• [Instructions to follow]: Look for "Unit" in the records and copy every line that has it.

= Beginning of Section =

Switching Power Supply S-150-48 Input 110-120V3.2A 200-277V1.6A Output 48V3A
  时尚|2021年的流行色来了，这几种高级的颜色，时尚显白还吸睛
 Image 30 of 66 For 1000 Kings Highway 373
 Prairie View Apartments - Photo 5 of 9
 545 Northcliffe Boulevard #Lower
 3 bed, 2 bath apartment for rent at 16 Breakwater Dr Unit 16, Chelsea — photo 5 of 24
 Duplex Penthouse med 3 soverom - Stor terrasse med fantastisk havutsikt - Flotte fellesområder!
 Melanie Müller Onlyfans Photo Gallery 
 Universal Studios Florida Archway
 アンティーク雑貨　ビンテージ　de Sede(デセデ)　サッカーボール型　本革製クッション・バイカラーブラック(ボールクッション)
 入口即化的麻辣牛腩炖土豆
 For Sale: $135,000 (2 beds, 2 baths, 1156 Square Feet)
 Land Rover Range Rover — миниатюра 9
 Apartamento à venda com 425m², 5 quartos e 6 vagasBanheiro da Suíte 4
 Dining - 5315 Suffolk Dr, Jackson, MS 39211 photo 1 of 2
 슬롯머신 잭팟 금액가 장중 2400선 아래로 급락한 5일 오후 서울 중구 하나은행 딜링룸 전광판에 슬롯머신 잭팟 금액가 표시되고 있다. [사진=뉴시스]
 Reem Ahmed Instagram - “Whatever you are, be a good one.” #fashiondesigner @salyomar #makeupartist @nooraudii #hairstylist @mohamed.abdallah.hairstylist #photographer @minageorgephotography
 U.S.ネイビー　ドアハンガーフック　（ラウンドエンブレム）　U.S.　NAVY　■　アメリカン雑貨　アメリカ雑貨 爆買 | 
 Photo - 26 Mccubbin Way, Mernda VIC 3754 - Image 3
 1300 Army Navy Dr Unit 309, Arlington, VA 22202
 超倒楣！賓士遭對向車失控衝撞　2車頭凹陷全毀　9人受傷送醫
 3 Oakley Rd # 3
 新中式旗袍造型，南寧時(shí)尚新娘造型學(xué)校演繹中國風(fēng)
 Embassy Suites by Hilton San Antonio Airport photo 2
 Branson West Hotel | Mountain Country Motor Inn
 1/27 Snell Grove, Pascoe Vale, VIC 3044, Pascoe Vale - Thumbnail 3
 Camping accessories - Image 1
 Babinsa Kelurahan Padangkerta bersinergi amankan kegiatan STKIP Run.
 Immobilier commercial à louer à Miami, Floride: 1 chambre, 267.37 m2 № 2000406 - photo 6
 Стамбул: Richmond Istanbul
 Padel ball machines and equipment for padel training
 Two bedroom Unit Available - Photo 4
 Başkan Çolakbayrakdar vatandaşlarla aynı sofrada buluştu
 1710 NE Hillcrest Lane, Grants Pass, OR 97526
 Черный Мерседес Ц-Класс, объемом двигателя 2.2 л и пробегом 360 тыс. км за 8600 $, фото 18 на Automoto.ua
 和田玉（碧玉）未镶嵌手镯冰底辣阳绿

= End of Section =

• [Problem solution]:
 3 bed, 2 bath apartment for rent at 16 Breakwater Dr Unit 16, Chelsea — photo 5 of 24
 1300 Army Navy Dr Unit 309, Arlington, VA 22202
 Two bedroom Unit Available - Photo 4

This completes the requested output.